Preparations

There are several different systems for creating data visualizations in R. We will introduce ggplot2, which is based on Leland Wilkinson’s Grammar of Graphics. The learning curve is a bit steep, but ultimately you’ll be able to produce complex graphs more quickly and easily.

You first need to install the ggplot2 package:

install.packages("ggplot2")

You then need to load the package:

library(ggplot2)

We’ll consider the gapminder data from the last lesson. If it’s not within your R workspace, load it again with read.csv.

gapminder <- read.csv("http://kbroman.org/datacarp/gapminder.csv")

A first plot

An initial bit of code, to make a scatterplot:

ggplot(gapminder, aes(x=gdpPercap, y=lifeExp)) + geom_point()

Two key concepts in the grammar of graphics: aesthetics map features of the data (for example, the lifeExp variable) to features of the visualization (for example, the y-axis coordinate), and geoms concern what actually gets plotted (here, each data point becomes a point in the plot).

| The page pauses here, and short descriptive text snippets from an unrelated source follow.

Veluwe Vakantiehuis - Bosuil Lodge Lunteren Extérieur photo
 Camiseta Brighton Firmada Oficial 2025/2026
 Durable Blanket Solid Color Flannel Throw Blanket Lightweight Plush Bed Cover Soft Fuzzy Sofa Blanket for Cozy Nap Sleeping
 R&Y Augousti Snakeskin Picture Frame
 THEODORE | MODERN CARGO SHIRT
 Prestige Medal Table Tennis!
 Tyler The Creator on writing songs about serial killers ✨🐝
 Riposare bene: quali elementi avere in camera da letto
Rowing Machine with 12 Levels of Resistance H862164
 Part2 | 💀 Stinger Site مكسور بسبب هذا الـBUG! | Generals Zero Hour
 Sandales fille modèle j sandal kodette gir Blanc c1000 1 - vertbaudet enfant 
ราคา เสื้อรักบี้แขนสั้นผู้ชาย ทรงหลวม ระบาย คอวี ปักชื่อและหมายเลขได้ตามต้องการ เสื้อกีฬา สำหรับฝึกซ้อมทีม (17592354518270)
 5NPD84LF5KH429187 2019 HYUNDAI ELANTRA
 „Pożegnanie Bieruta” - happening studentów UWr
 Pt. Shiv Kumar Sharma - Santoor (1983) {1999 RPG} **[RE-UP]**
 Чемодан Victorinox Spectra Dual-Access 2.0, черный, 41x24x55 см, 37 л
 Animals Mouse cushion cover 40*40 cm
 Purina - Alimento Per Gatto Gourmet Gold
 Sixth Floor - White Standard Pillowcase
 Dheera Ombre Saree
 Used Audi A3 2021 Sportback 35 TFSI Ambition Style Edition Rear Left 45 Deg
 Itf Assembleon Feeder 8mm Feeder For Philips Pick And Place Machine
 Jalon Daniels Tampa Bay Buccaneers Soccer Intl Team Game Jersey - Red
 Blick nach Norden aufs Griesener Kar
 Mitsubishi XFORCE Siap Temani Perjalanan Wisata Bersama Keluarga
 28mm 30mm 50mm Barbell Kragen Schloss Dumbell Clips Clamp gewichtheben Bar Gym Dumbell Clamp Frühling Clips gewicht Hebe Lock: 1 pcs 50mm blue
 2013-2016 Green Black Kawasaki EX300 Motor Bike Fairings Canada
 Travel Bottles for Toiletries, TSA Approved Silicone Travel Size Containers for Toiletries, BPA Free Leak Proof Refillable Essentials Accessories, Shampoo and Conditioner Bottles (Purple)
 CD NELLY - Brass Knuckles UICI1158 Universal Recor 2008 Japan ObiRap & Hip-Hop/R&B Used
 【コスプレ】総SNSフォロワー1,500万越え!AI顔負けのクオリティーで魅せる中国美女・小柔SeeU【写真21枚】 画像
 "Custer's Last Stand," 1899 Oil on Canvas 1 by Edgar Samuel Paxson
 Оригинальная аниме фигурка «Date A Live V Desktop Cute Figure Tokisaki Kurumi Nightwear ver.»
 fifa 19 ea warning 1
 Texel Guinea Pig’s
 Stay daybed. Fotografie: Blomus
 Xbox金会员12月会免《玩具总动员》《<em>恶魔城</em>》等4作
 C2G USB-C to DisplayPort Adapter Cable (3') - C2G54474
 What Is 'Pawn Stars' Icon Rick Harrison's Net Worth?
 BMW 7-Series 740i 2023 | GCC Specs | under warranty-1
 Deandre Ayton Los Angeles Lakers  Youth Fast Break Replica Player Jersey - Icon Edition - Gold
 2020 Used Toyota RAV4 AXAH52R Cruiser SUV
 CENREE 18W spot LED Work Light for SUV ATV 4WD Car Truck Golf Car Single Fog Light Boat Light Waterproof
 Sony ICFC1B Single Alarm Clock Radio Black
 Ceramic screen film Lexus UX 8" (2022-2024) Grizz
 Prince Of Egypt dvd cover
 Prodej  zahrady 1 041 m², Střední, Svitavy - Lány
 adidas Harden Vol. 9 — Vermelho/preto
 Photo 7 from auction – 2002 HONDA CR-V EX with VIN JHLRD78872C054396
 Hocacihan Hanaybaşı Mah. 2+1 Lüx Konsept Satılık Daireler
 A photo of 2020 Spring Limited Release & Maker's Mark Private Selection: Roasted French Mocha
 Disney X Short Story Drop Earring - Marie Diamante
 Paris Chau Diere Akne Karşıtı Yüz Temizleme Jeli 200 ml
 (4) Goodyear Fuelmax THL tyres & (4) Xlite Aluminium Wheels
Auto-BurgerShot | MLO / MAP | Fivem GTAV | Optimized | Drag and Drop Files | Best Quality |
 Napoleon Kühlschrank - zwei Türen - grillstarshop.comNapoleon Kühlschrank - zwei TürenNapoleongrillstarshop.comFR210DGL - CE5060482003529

Another key aspect of ggplot2: the ggplot() function creates a graphics object; additional controls are added with the + operator. The actual plot is made when the object is printed.

The following is equivalent to the code above. The actual plot isn’t created until the p2 object is printed. (When you type an object’s name at the R prompt, it gets printed, and that’s the usual way that these plots get created.)

p1 <- ggplot(gapminder, aes(x=gdpPercap, y=lifeExp))
p2 <- p1 + geom_point()
print(p2)

It’s best to do the x-axis on a log scale.

ggplot(gapminder, aes(x=gdpPercap, y=lifeExp)) + geom_point() + scale_x_log10()